A Florida jury on November 19 awarded Cindy Naugle, a former smoker with emphysema, $56 million in compensatory damages and $244 million in punitive damages for its negligence in causing Ms. Naugle’s disease.
The case was formerly a part of a class action. A trial was held on the class action, but a 2006 decision by the Florida Supreme Court decertified the class, allowing each member of the class to file his or her own lawsuit. In those individual cases the court held that the finding of liability by the jury in the class action would also establish liability in the individual cases. Each plaintiff, however, still had to prove that the addiction to smoking caused the disease. Defense attorneys claim that it was the smoker’s voluntary decision to smoke that caused the disease. They further claim that it is unfair to allow the jury’s finding of liability in the class action trial to be used by the individual plaintiffs.

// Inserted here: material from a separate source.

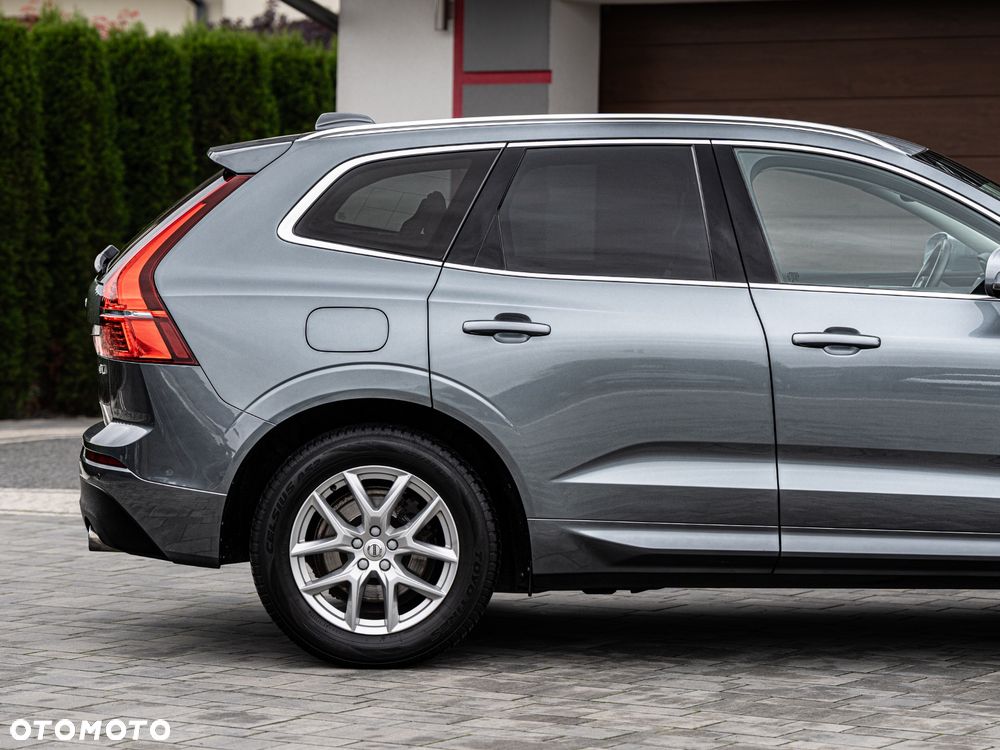 Volvo XC 60 D4 AWD Geartronic RDesign - 8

In February, a jury ordered Philip Morris to pay $8million in damages. In August, R.J. Reynolds lost a $30 million verdict. The attorney for Cindy Naugle put on evidence to show the actual worth of Philip Morris far exceeded the amount claimed by it. He attributes the large verdict to the fact that, while Phillip Morris claimed it was worth $1.7 billion, Ms. Naugle’s attorney proved that in the first three quarters of 2009, Philip Morris paid $3.1 billion in dividends to Altria, its parent company,
It is expected that the Naugle verdict will be appealed, a process that will probably take years.
It is unknown how many Colorado residents, if any, have suits pending against a tobacco company.